• [YOUR GOAL]: Reproduce, exactly and in full, the lines from the one with "New Women's <b>Strapless</b>" through the one with "Картинка небо, горы, луна" in the data below; drop pictures.

• [Records from a data source]:
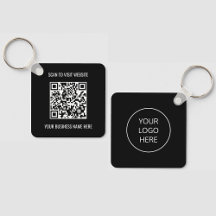 Logotipo de código QR Keychain negro promocional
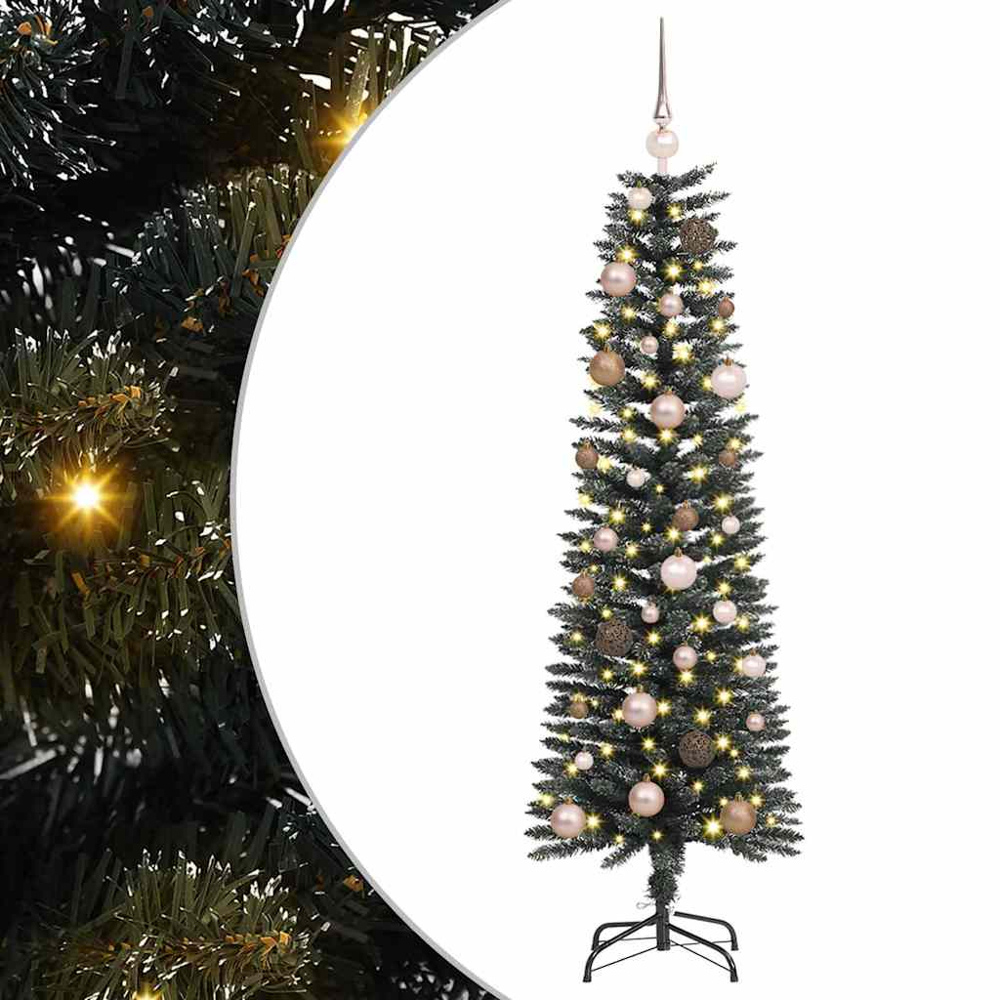 vidaXL Pre-Lit Rose Gold Baubles Green Artificial Christmas Tree 5ft Image 2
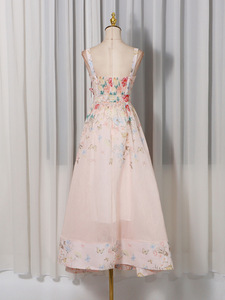 New Women's <b>Strapless</b> Sleeveless Printed <b>Dress</b> with Tie Design - Product Image 5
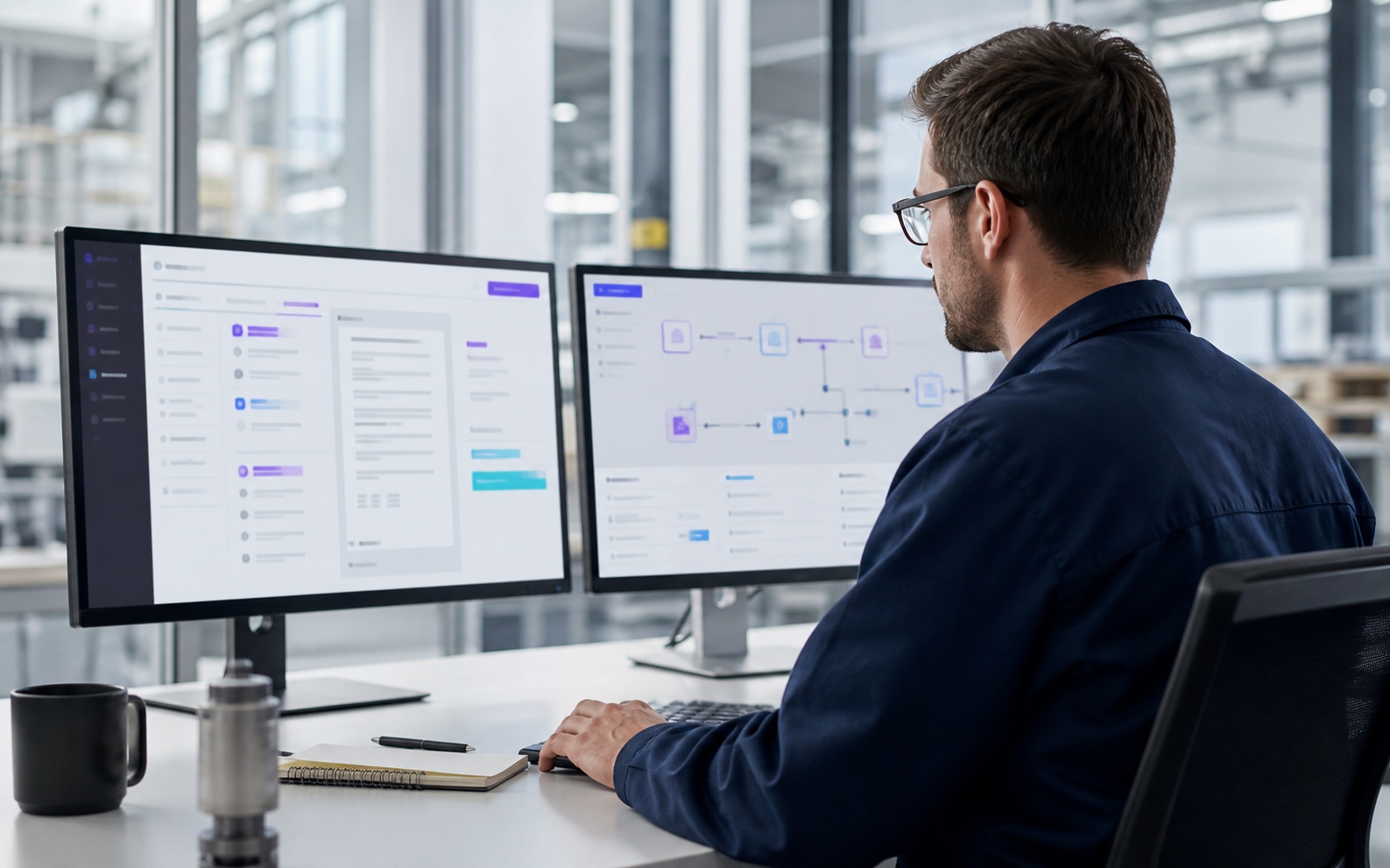 Operationsspecialist beoordeelt een documentproces en een bedrijfsworkflow op twee schermen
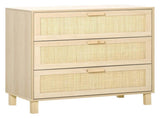Rattan Bedroom Chest of Drawers, 3 Drawers Storage Unit, Boho Dresser for Living Room, Hallway, T3398P329429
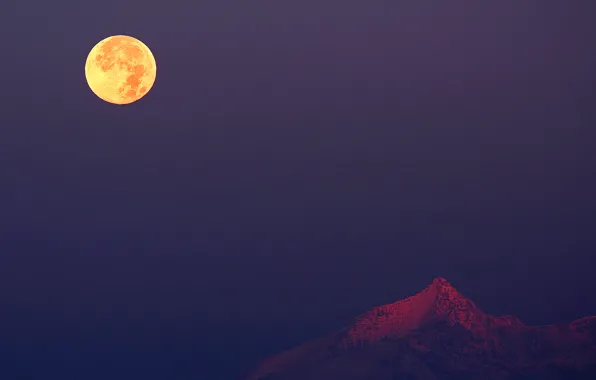 Картинка небо, горы, луна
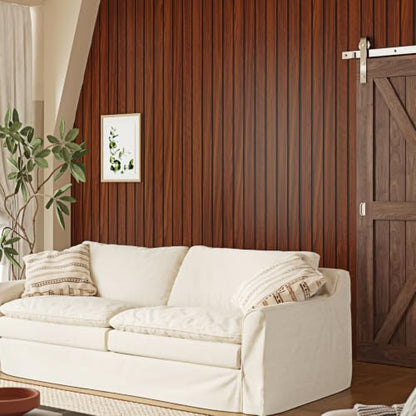 3D Red Brown Wood Self Stick Slat Wall Panels Acoustic Wood Panel - color: Red, size: 12×120"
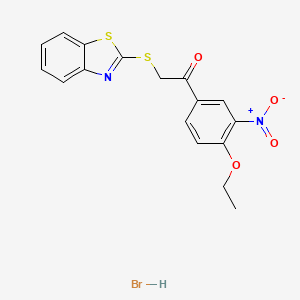 molecular formula C17H15BrN2O4S2 B3821622 2-(1,3-benzothiazol-2-ylthio)-1-(4-ethoxy-3-nitrophenyl)ethanone hydrobromide 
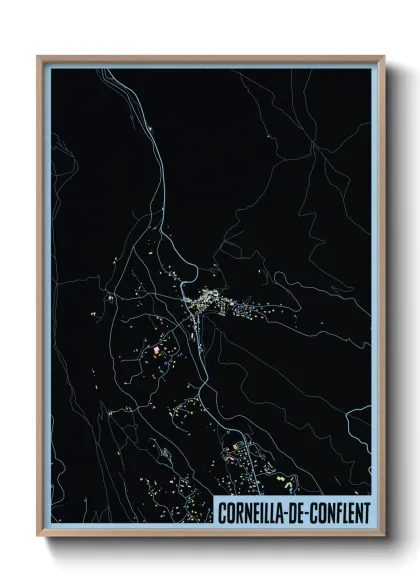 Une affiche de carte sur Corneilla-de-Conflent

• [EXERCISE OUTPUT]:
 New Women's <b>Strapless</b> Sleeveless Printed <b>Dress</b> with Tie Design - Product Image 5
 Operationsspecialist beoordeelt een documentproces en een bedrijfsworkflow op twee schermen
Rattan Bedroom Chest of Drawers, 3 Drawers Storage Unit, Boho Dresser for Living Room, Hallway, T3398P329429
 Картинка небо, горы, луна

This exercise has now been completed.